Geçen hafta sonu şehir kaosundan uzaklaşma ve köy hayatı yaşama özlemimi gidermek için Karasu-Resuller Köyü’ne gittim. İlk iş telefonumu attım bir kenara, bütün hafta sonu elime almadım. Telefonsuzluk başlı başına bir huzur kaynağı zaten.
Tarladan yeni toplanmış sebzelerin, dallarından yeni koparılmış meyvelerin kokusu, tadı bambaşkaydı. Şehirde yediğimiz hiçbir sebze ve meyvenin sağlıklı olduğuna inanmıyorum. Ne koku, ne tat var, hormon basılmış, görüntüden ibaret yiyecekleri tüketiyoruz.

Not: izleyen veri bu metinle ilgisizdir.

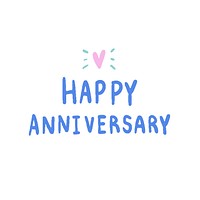 Happy Anniversary typography in blue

Gece saatlerce gökyüzünü izledim, çıt çıkmayan bir sessizliğin ve doğanın ortasında. Yıldızlar o kadar yakın görünüyordu ki, uzansam dokunacak gibiydim. Aynen Altınoluk gecelerimdeki gibi... Ve şehirde gökyüzünü bile doğru dürüst göremediğimizi fark ettim.
Köy hayatı cennet gibi...
Ertesi gün, inşaat ve trafik seslerinin olmadığı, sadece kuş cıvıltılarının duyulduğu; camı açınca tertemiz hava soluduğum bir sabaha uyandım. Resuller Köyü’nde geçen her dakika cennette hissettim kendimi. Oradaki iki gün boyunca sanki zaman durdu. Şehirde saatlerin, günlerin nasıl geçtiğini anlayamıyoruz. Koşturmaca içinde başlayıp bitiyor haftalarımız, aylarımız, yıllarımız. Dünya tatlısı bir ailenin evine misafir olduk. Beş yıl önce İstanbul hayatından yorulup Resuller Köyü’ne yerleşmişler. “İlk zamanlar alışmak zor oluyor ama şimdi iyi ki bu kararı vermişiz diyoruz, çok mutlu ve huzurluyuz” şeklinde konuşuyorlar.

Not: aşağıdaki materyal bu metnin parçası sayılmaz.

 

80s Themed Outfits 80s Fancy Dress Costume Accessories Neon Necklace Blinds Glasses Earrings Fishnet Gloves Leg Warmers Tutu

Çocukların her birinin elinde cep telefonu veya tabletler yok, haliyle insan ilişkileri kuvvetli yetişiyorlar. Şehirde hiçbir çocukla bu kadar uzun sohbet edebildiğim olmadı, şehir çocukları günümüzde çocukluğu hakkıyla yaşayamıyor maalesef.

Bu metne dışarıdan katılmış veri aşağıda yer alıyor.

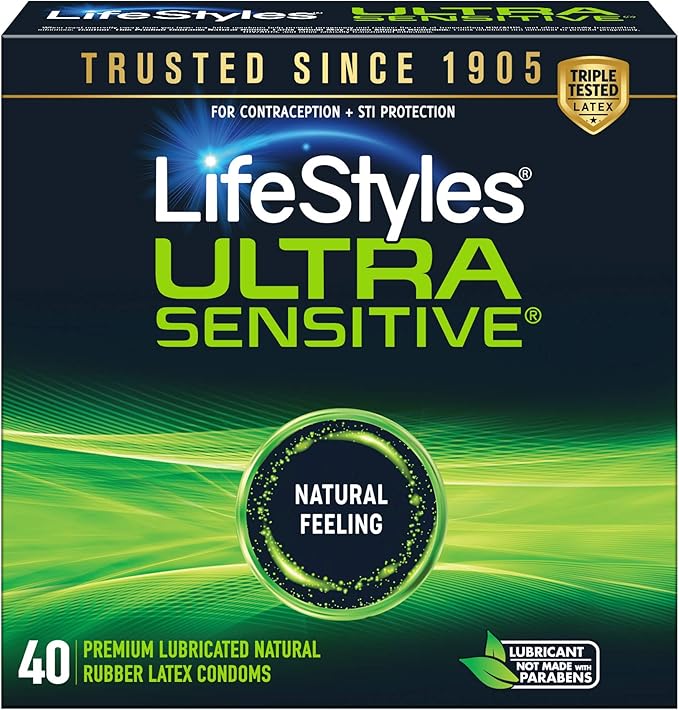 Ultra Sensitive Lubricated Latex Condoms for Natural Feeling, 40 Count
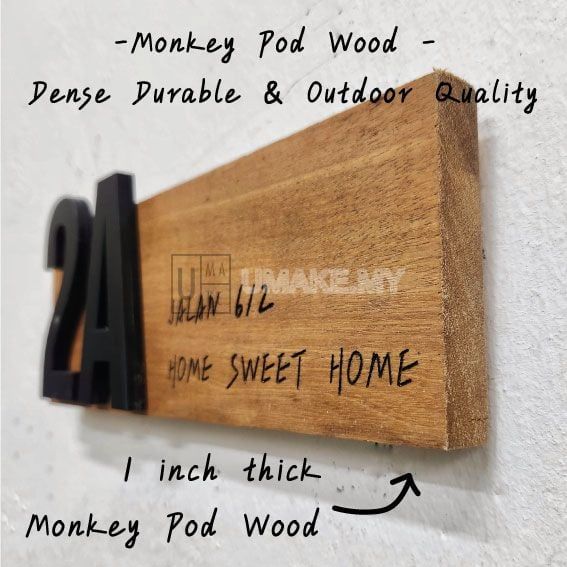 Outdoor Solid Wood House Number Plate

Cesareti olan basıp gidiyor!
Dönüşte yemyeşil yollardan geçip de beton yığınlarının arasına girince “Hah” dedim, “Yine geldik karmaşaya, gürültüye, kalabalığa, trafik çilesine, hırs dolu insanların arasına!” Eskiden insanlar köyden şehire kaçardı, şimdiyse fırsatı olan şehirden köye kaçmanın peşinde...
Hatta şehirden gitme isteğimizi hep konuştuğumuz en yakın dostlarımdan Taylan Efe, İstanbul’da başarıyla sürdürdüğü halkla ilişkiler kariyerini bıraktığı gibi Didim’e yerleşti birkaç ay önce. Onun hikayesini önümüzdeki günlerde daha detaylı anlatacağım. Biz ‘ha döndü, ha dönecek’ diye beklerken, şehirle olan tüm bağlarını tek tek kopardı. Canına tak eden cesaretli insanlar gidiveriyor valla helal olsun.
Tadıyla yaşanacak gerçek hayat büyük şehirlerden uzakta, gün geçtikçe bundan daha da emin oluyorum... Darısı tüm gitme hayali olanların başına dostlar.